Y así durante horas. Al final, desistes. Porque discutir con el tipo para el que escribes es lo más sofocante del mundo, después de discutir con un lector sobre el contenido de alguna columna en la sala de espera del dentista. En realidad, creo que aún hay algo peor: discutir sobre ello con el dentista.

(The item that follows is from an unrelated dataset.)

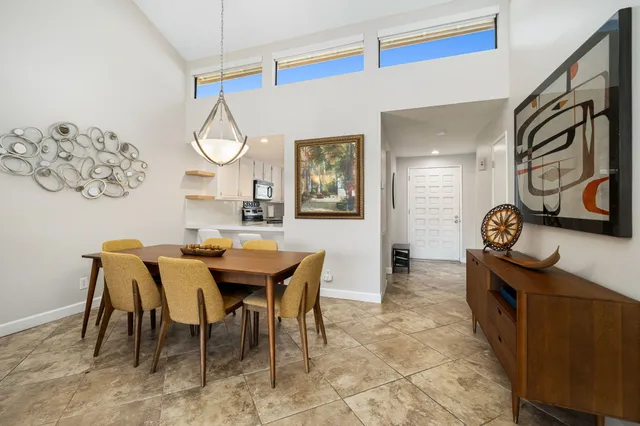 a view of a dining room and livingroom with furniture a rug a fireplace and a painting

- Me parece una estupidez su última columna sobre la levedad del cacahuete.
- Ajá.
- Debería tomarse un descanso. Escribe usted demasiado y está muy visto.
- Ajá.
- ¿Es usted tan idiota como aparenta en sus artículos?
- Ajá.
- Me lo temía. A propósito, ¿le duele si aprieto aquí?
- ¡Ajá!
Los escritores deberíamos tener derecho a permanecer en silencio de por vida. Seguramente ya hemos escrito todo lo importante que teníamos que decir, e incluso aquello que no le importa a nadie. Y si no, aguarden, porque es probable que estemos a punto de escribirlo. No es lógico que además tengamos que interactuar con la gente. O peor aún, hablar por teléfono. Como enemigo de las comunicaciones telefónicas, soy un firme defensor del tam-tam. Y en esas noches de lluvia de invierno, que parecen expulsarnos a la infancia, también echo de menos el código morse. Añoro el relajante silencio al que obligan las transmisiones en morse. Es cierto que el destinatario ha de conocer el código para descifrar el mensaje, pero a diario millones de personas no pueden entrar en su correo electrónico por la misma razón y nadie parece inquietarse por ello. Además, la mayoría de esas personas han olvidado también el nombre de su mascota preferida; cima de todas las tragedias del siglo XXI.
Casi siempre que no estoy escribiendo, estoy leyendo. Y si no estoy haciendo ninguna de las dos cosas es porque estoy caminando. O en muy contadas ocasiones, jugando al fútbol. El partido de cada jueves me permite recordar perfectamente el momento en el que decidí que no sería futbolista, y que me dedicaría a escribir. Lo frecuento cada semana, no por hacer deporte, que mancha muchísimo, sino para recordar ese instante. Porque el escritor, como el periodista, nunca sabe muy bien por qué llegó hasta aquí, ni qué mal ha hecho para merecer esto. Y entonces conviene detenerse, saltar al campo de fútbol, hiperventilar un poco, y recordar de dónde venimos, por qué nos duele la espalda, y el nombre de nuestra mascota favorita. Que en mi caso es venezolana, de color dorado, y ha pasado al menos siete años en barrica de roble. Está muy bien porque en vez de sacarla a pasear, te saca ella a ti, aminorando el efecto de las clásicas lesiones lumbares del periodista. Y más aún del periodista que juega al fútbol una vez por semana.